21: ◆U.8lOt6xMsuG[sage saga]
2018/08/23(木) 02:37:16.77 ID:JSsbPllS0
「周子……」
あたしはプロデューサーさんを見下ろす。どんな表情なんだろう、あたしが影になっているせいでよく見えないや。あたしを呼ぶ彼の声は、いつもより苦しそう。
「……あたしとこういうことを、これ以上したくなかったら、今すぐ突き飛ばして」
あたしは、目の前の男に選択を投げかける。あたしはアイドルで、この人はプロデューサーだ。こんな関係、あたしが望んでも彼は望まないだろう。
だから、これは選択にも似たお願い。熟女趣味で、あたしに興奮できないってのならいますぐやめる。嫌いなら、諦める。突き飛ばしてくれたなら、拒否してくれたなら、この思いはもう二度と表に出さないから。
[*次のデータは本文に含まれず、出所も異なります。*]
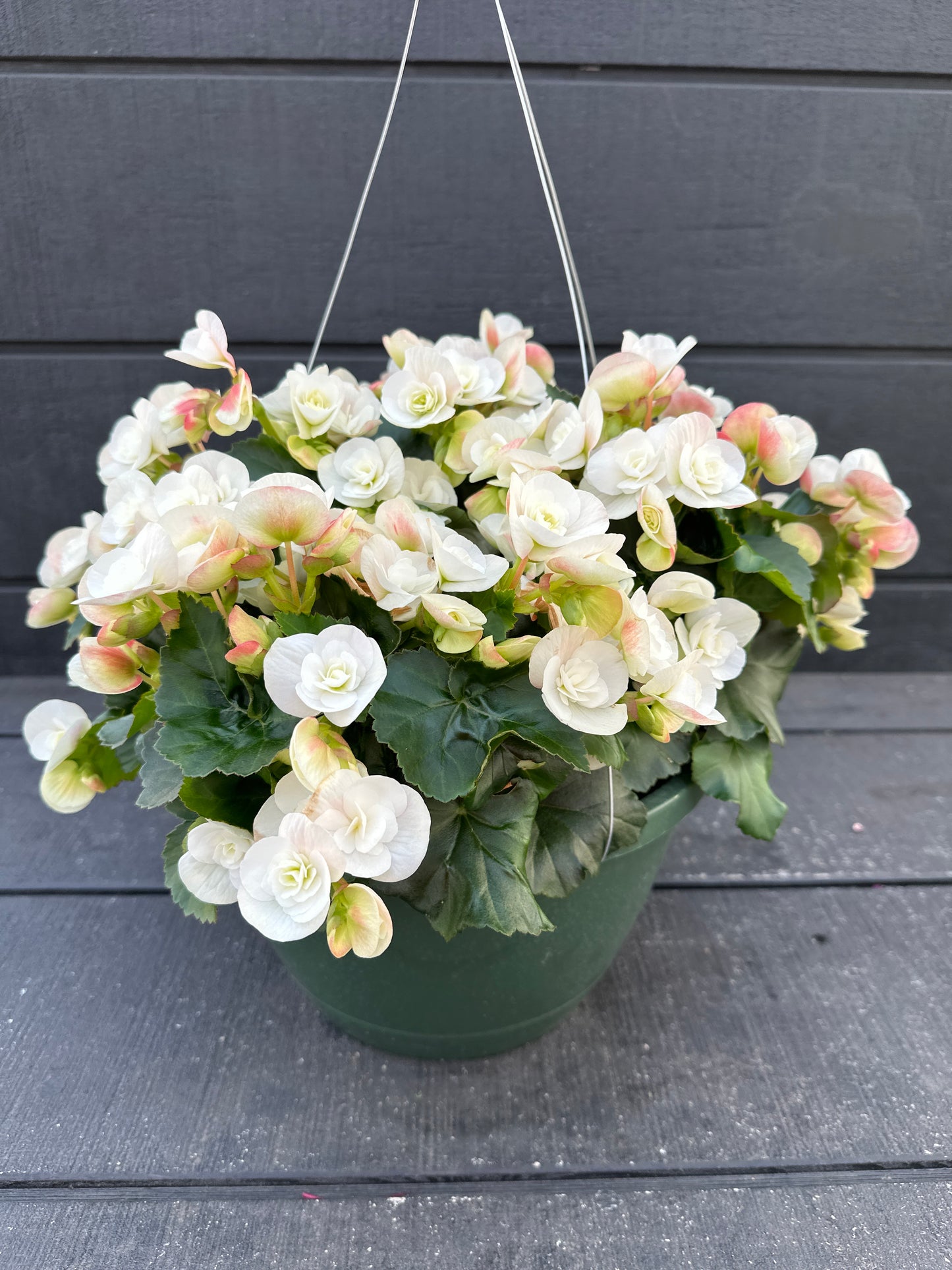 BEGONIA REIGER CLARA - 10'' HANGING BASKET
雷がどこかに落ちた。一瞬だけ、部屋の中に閃光が満ちる。その後に轟音が響いて、体の芯まで揺さぶられた。
彼は、あたしの質問に対して何も言わず、ただ、あたし抱き寄せられた。「ごめん」と呟いてから、あたしの髪の毛を撫でた。
優しく撫でるだけで、彼はあたしを突き飛ばすことも、拒否することもなかった。答えはきっと、そういうことなのだろう。